Сашка даже не обернулся ко мне, а вор пояснил:

— Стихийное бедствие.

Вокруг печатного цеха жарко пылал бурьян, рвались к небу рыжие лохмы ошалевшего огня, шумно и трескуче стреляя дымом и выбрасывая огненные спиральки сгоревших былинок.

— Саман не сразу горит, — продолжал вор, — стены — глина и крыша — глина.

— Хозяин не дурак, — равнодушно глядя на огонь, сказал бородатый Яков, — для себя строил. Не загорится, небось.

— А которое горючее имущество, мы, будьте спокойны, вытащили, — продолжал объяснять вор.

Только сейчас я увидел, что неподалеку на обгорелой траве лежит стопка отпечатанной газеты, прикрытая рогожей. Тут же не распакованный еще тюк бумаги, вынести который не очень просто, потому что в нем не меньше ста килограммов. И тут же на рогоже несколько блестящих от краски черных валиков, отлитых из легкоплавкой массы. Даже их он успел снять? И даже набор, недопечатанные свинцовые полосы, вынут из машины и на спусковых досках вынесен из цеха.

Сашка, которого я хорошо знал, наплевал бы на все это. Хорошо ли?

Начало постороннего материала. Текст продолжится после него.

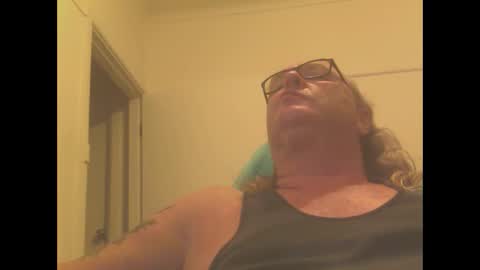 Snapshot of knobout chatting on December 11, 9:53 am knobout online show from December 11, 9:53 am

Вот он со скучающим вниманием разглядывает, как в траве на крыше забегали юркие голубоватые змейки огня. И только сейчас впервые пришло мне в голову, что спокойствие это не настоящее, что он заставляет себя не обращать внимания на мои слова, что он совсем не такой равнодушный ко всему и ленивый до того, что кажется глуповатым.

Заметив недоумение и замешательство, с какими я осматриваю хозяйство и его самого, Сашка сплюнул черной слюной я… ничего не сказал.

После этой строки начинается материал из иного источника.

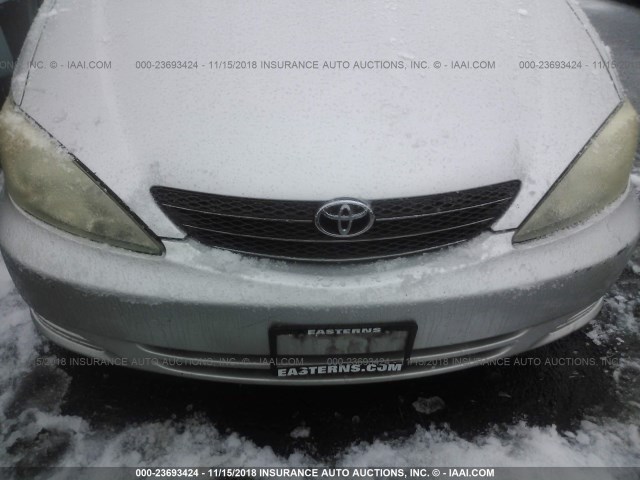4T1BE32K52U602474 - 2002 TOYOTA CAMRY LE/XLE/SE SILVER photo 6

Подбежала Зинка, размазывая своей красной косынкой сажу по золотым пылающим щекам.

— Ой, Санечка, какой ты! — Отыскав на косынке уголочек почище, она стала обтирать Сашкино закопченное, потное лицо.

Он и к этому остался равнодушен, как и ко всем Зинкиным заигрываниям. А она продолжала:

— Знаешь, Санечка, кругом огонь, а тут палатки. Ну, мы тоже не зевали, отбились. У одной только палатки бок обгорел. У тебя вот тут царапина. Болит?

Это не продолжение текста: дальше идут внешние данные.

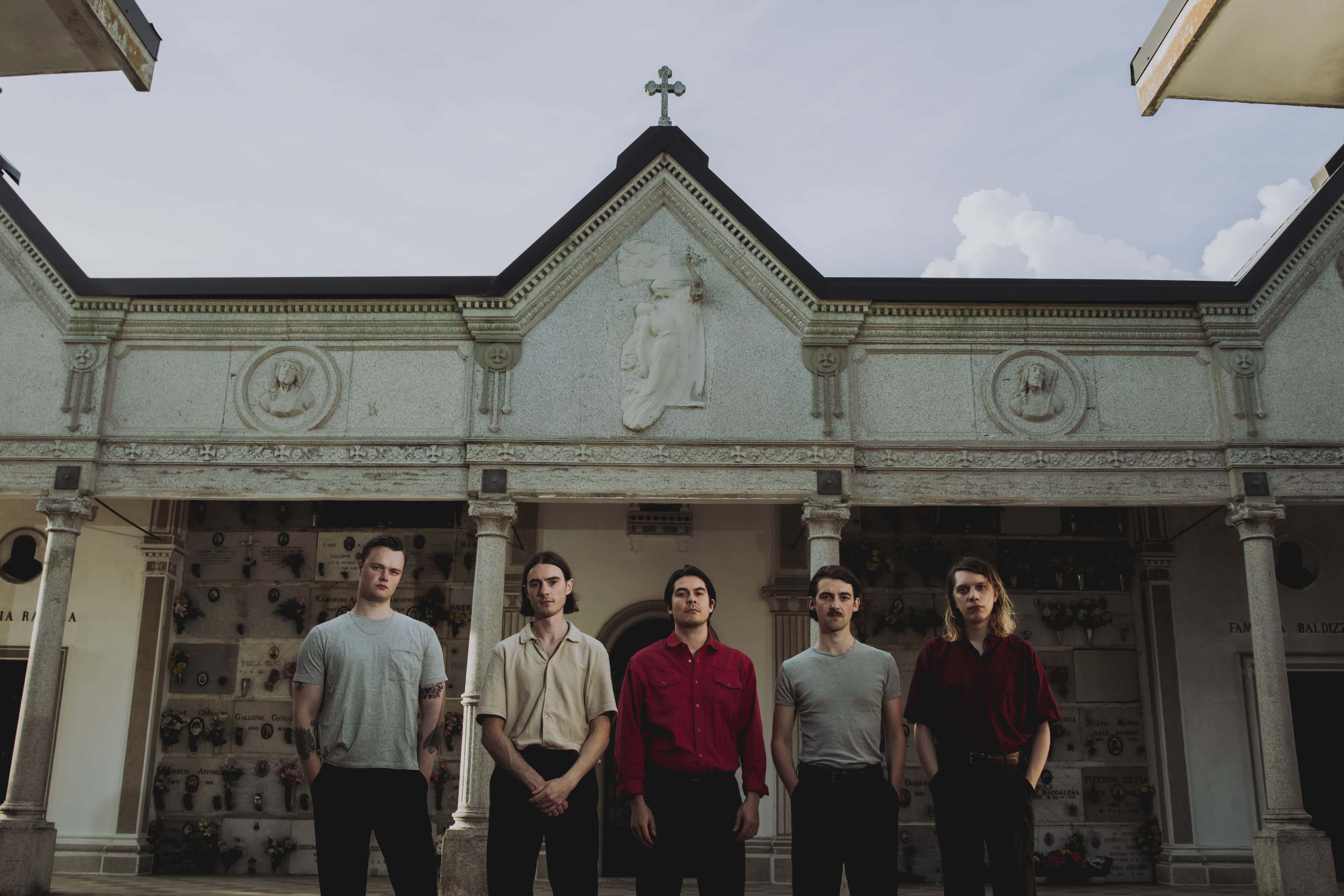 Bandet Honningbarna utenfor et gammelt bygg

Сделав свое черное дело, огненный вал умчался в степь, но там его загоняли к реке и в овраг. Главное — не пустить огонь к полям, где осталось много скошенной пшеницы. Оттуда доносился к нам шум огненного сражения, рокот тракторов, крики людей и видны были частые вспышки огня, который наступал рваной, неровной линией, то вскипая искрами, то припадая к земле.